→ **YOUR TASK**:
Where a record contains a picture, omit the picture and repeat the rest exactly.

Web page caption snippets:
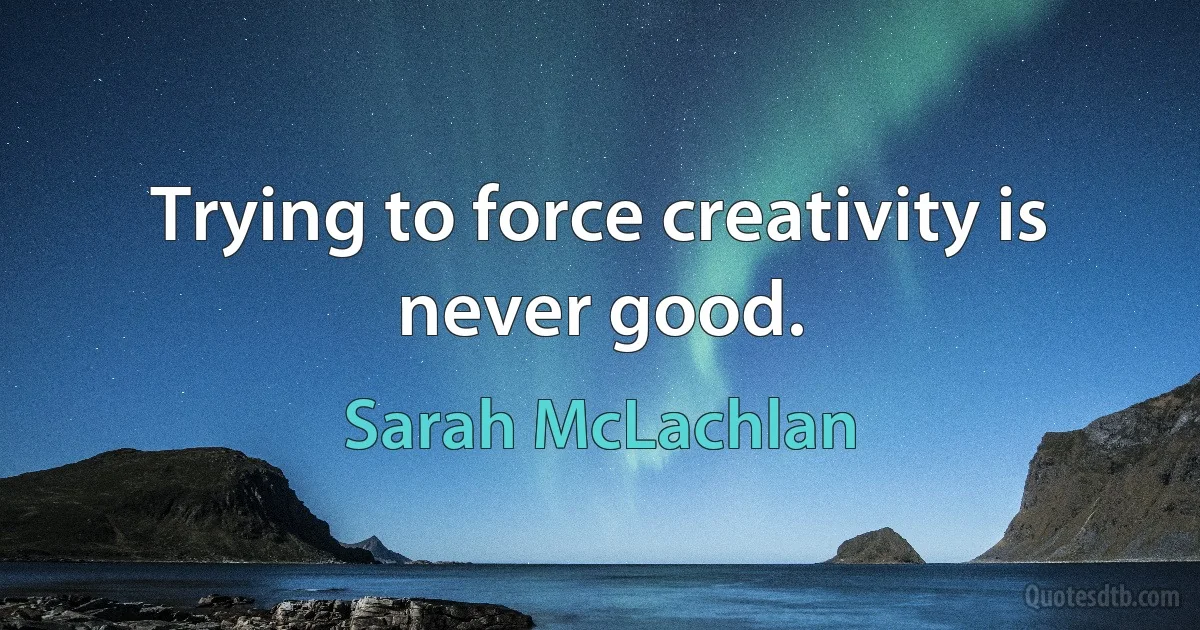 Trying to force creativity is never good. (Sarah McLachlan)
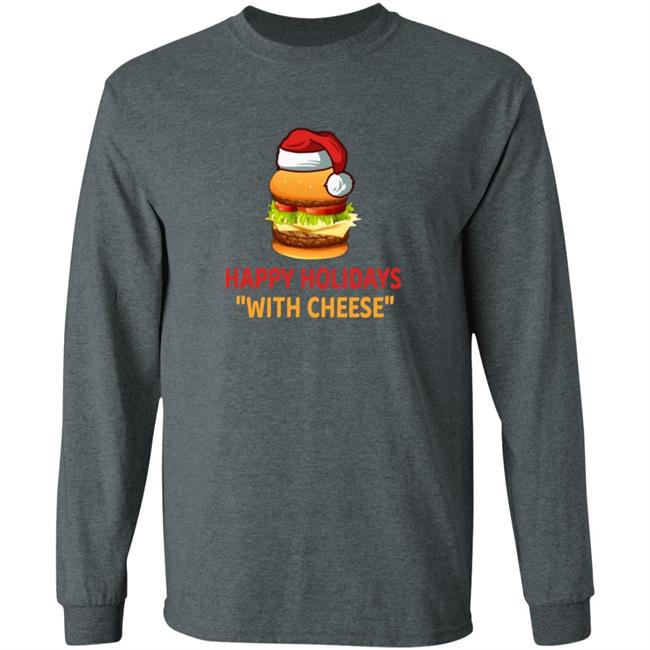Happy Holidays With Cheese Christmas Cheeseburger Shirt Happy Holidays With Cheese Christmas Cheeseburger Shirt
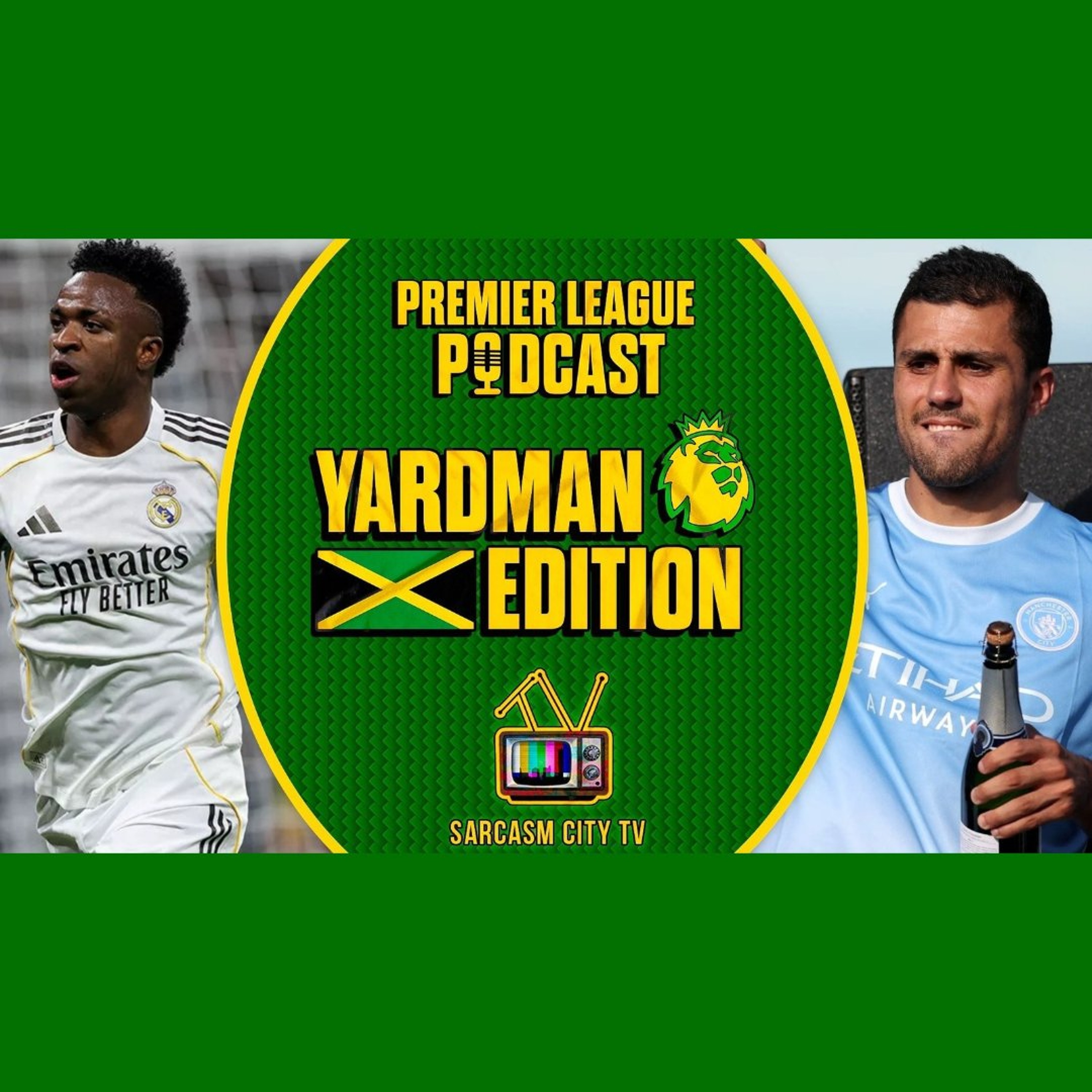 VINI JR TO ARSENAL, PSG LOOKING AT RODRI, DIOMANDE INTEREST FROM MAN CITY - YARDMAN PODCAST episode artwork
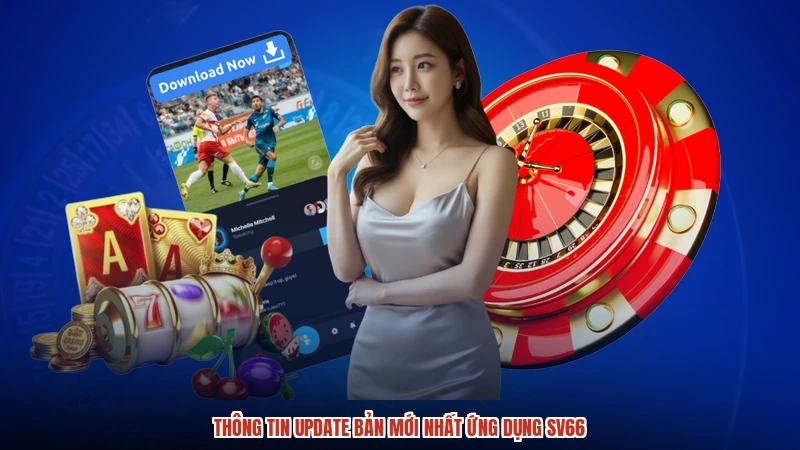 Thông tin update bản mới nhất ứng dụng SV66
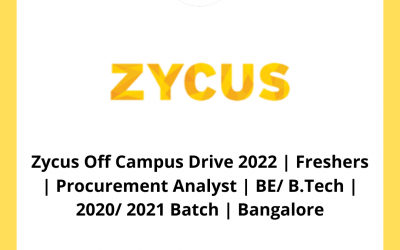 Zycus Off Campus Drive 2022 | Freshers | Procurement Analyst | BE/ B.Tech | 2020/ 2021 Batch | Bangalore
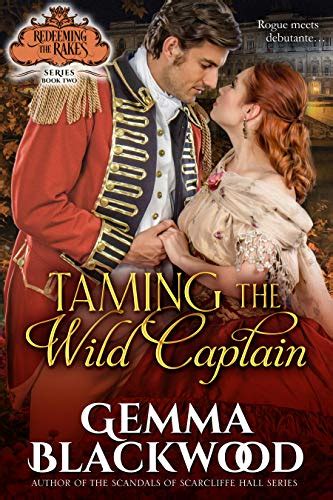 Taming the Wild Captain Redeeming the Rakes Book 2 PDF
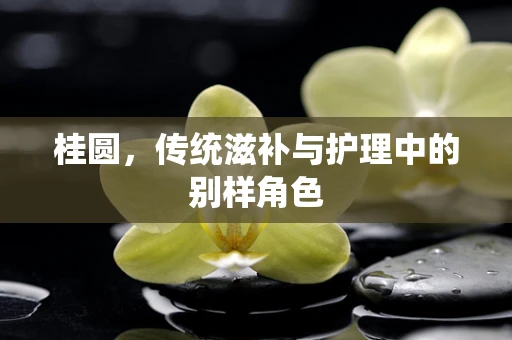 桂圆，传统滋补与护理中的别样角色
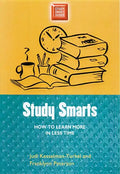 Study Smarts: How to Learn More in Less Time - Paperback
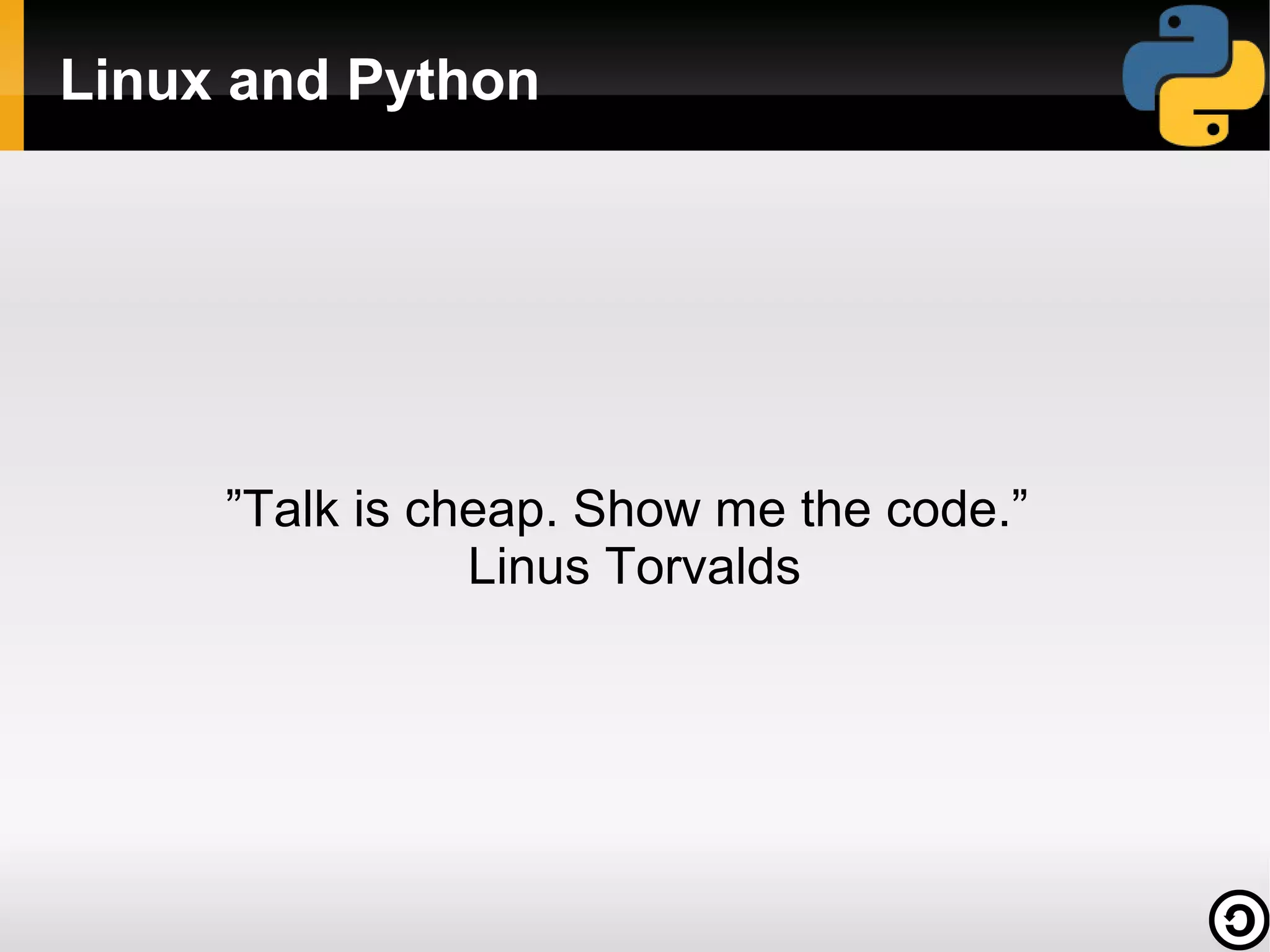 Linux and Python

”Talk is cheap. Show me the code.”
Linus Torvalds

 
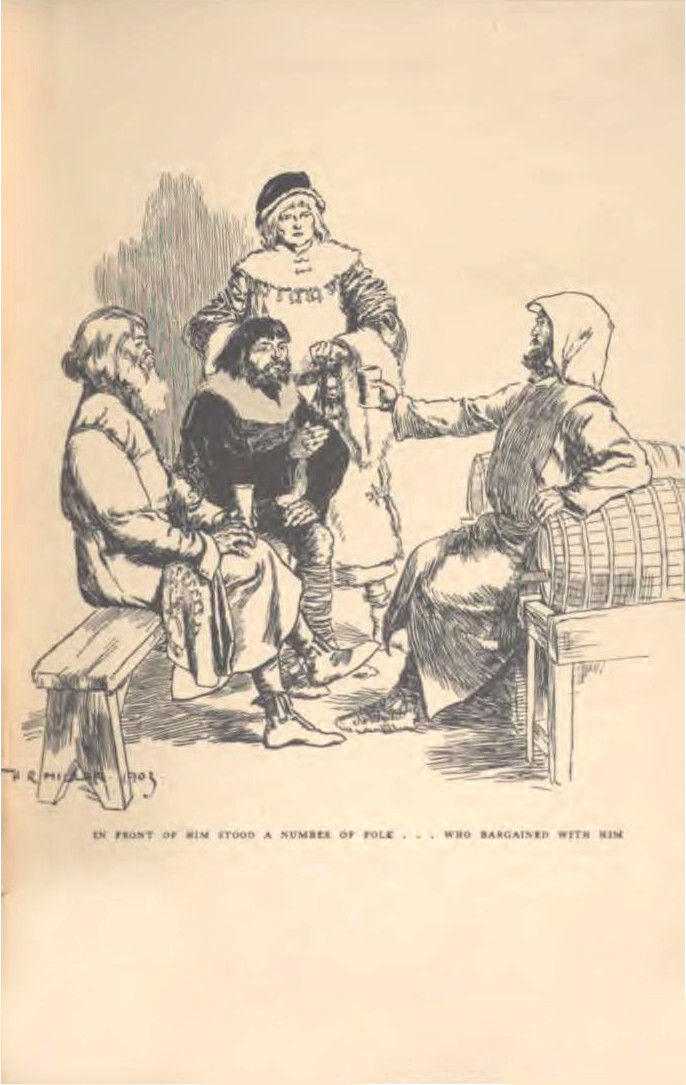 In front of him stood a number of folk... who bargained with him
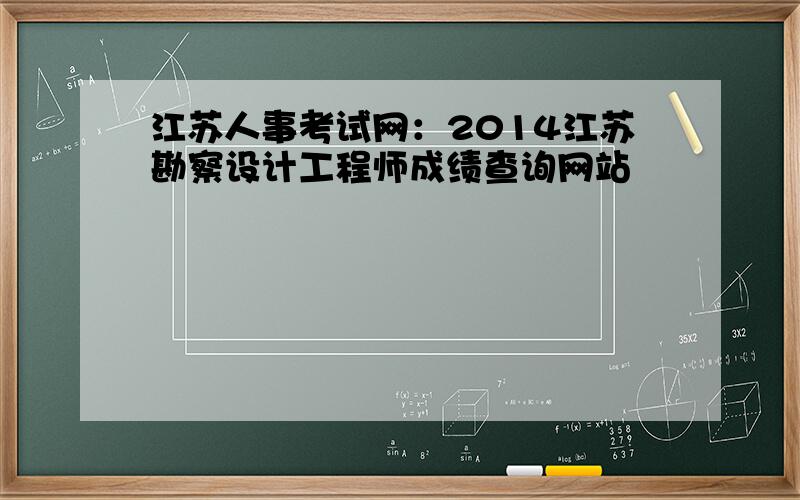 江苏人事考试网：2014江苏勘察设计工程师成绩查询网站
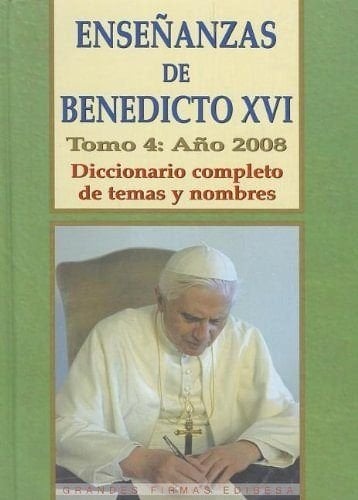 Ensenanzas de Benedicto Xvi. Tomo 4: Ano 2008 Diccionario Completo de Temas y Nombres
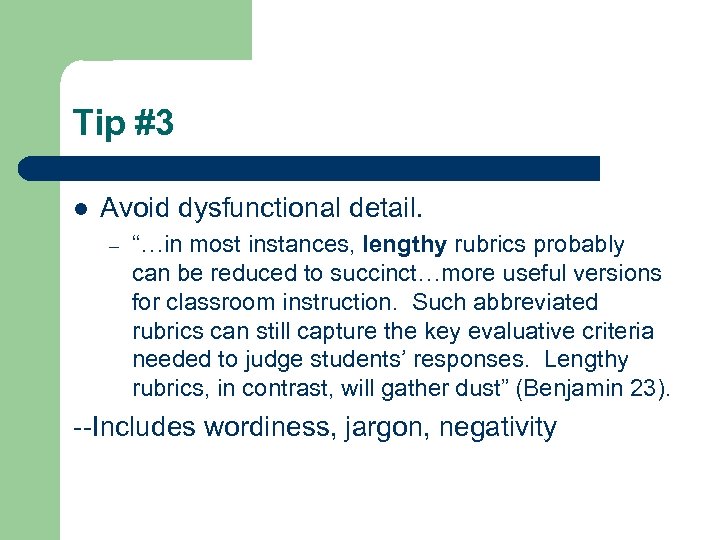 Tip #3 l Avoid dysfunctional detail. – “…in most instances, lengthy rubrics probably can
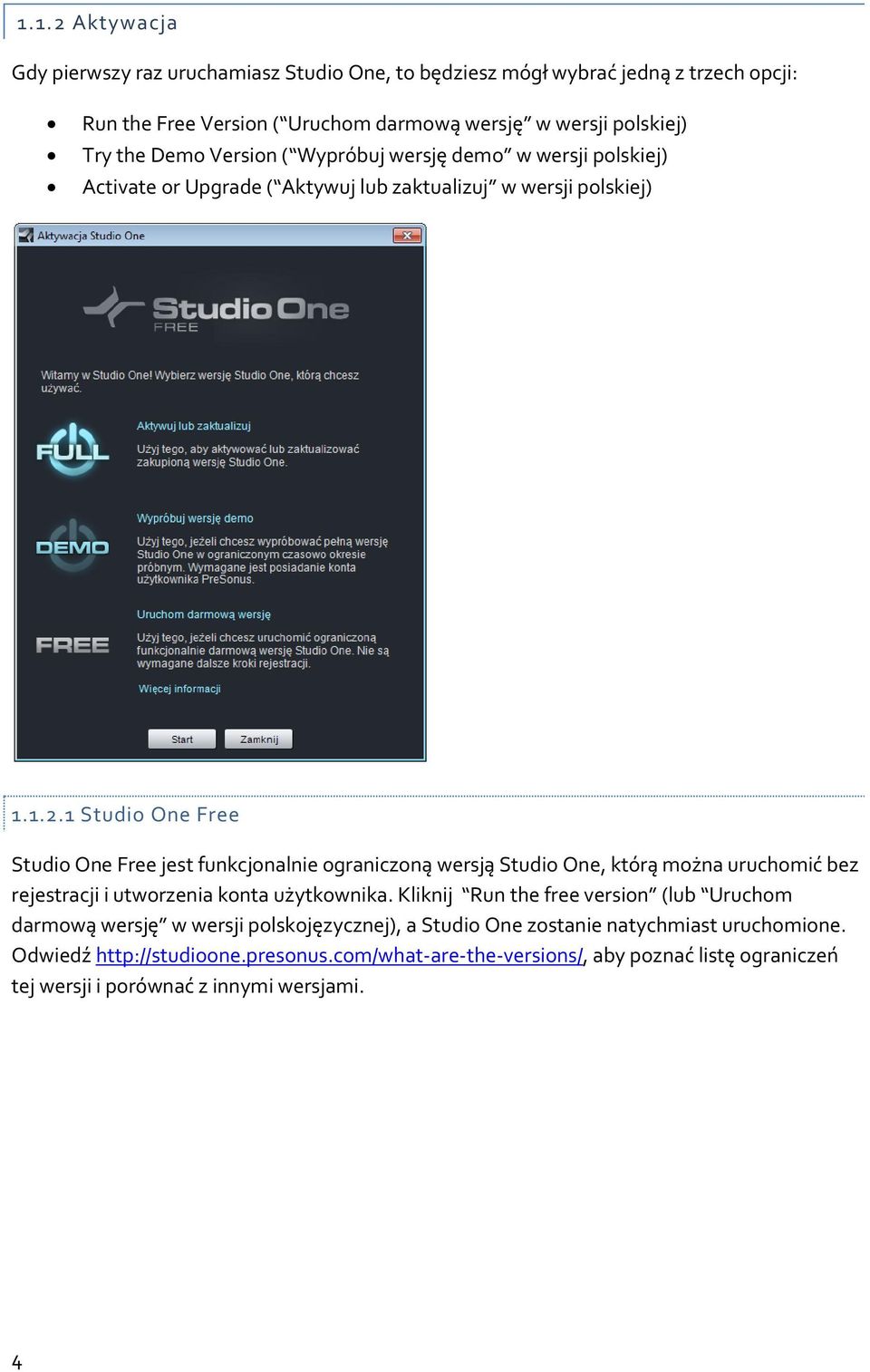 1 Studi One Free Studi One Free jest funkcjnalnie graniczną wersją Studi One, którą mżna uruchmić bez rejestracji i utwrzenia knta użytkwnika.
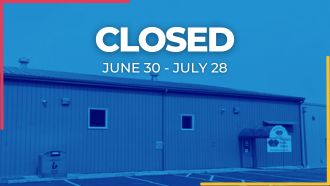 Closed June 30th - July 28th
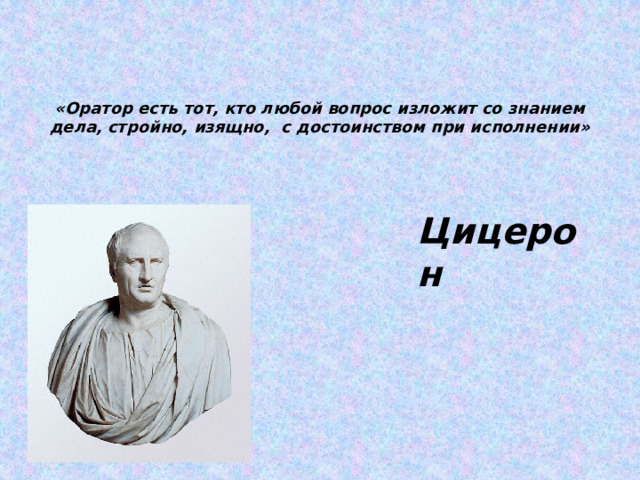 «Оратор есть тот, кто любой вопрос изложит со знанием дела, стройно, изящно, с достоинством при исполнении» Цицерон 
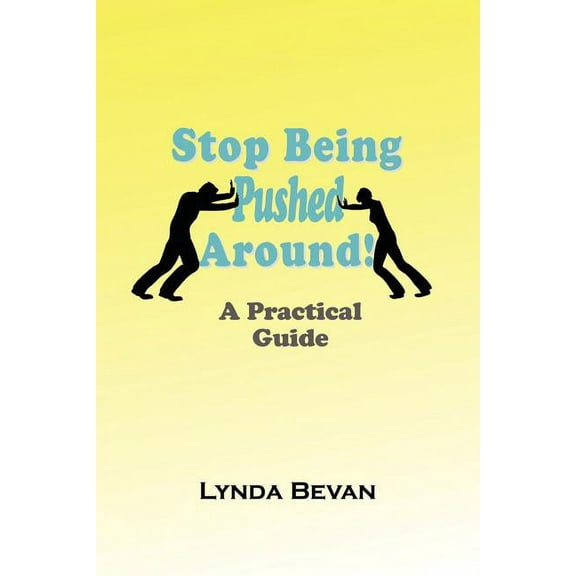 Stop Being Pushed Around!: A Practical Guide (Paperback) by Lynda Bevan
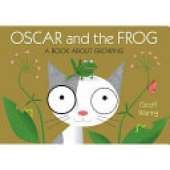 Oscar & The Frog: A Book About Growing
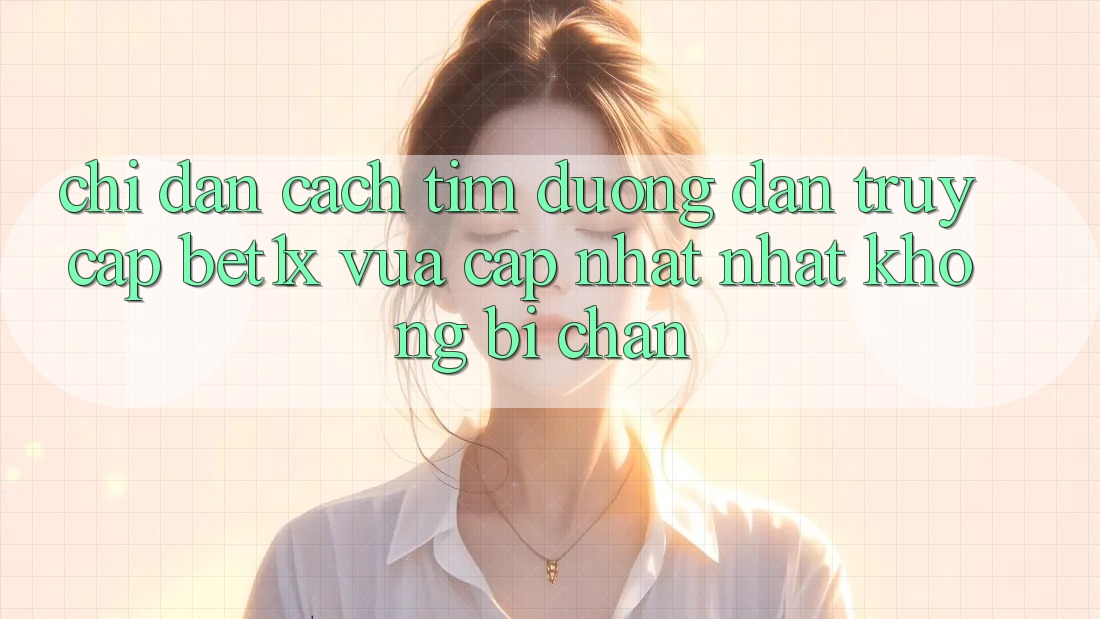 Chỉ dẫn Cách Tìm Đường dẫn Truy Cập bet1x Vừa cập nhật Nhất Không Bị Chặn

→ **RESPONSE BOX**:
 Trying to force creativity is never good. (Sarah McLachlan)
Happy Holidays With Cheese Christmas Cheeseburger Shirt Happy Holidays With Cheese Christmas Cheeseburger Shirt
 VINI JR TO ARSENAL, PSG LOOKING AT RODRI, DIOMANDE INTEREST FROM MAN CITY - YARDMAN PODCAST episode artwork
 Thông tin update bản mới nhất ứng dụng SV66
 Zycus Off Campus Drive 2022 | Freshers | Procurement Analyst | BE/ B.Tech | 2020/ 2021 Batch | Bangalore
 Taming the Wild Captain Redeeming the Rakes Book 2 PDF
 桂圆，传统滋补与护理中的别样角色
 Study Smarts: How to Learn More in Less Time - Paperback
 Linux and Python

”Talk is cheap. Show me the code.”
Linus Torvalds

 
 In front of him stood a number of folk... who bargained with him
 江苏人事考试网：2014江苏勘察设计工程师成绩查询网站
 Ensenanzas de Benedicto Xvi. Tomo 4: Ano 2008 Diccionario Completo de Temas y Nombres
 Tip #3 l Avoid dysfunctional detail. – “…in most instances, lengthy rubrics probably can
 1 Studi One Free Studi One Free jest funkcjnalnie graniczną wersją Studi One, którą mżna uruchmić bez rejestracji i utwrzenia knta użytkwnika.
 Closed June 30th - July 28th
 «Оратор есть тот, кто любой вопрос изложит со знанием дела, стройно, изящно, с достоинством при исполнении» Цицерон 
 Stop Being Pushed Around!: A Practical Guide (Paperback) by Lynda Bevan
 Oscar & The Frog: A Book About Growing
 Chỉ dẫn Cách Tìm Đường dẫn Truy Cập bet1x Vừa cập nhật Nhất Không Bị Chặn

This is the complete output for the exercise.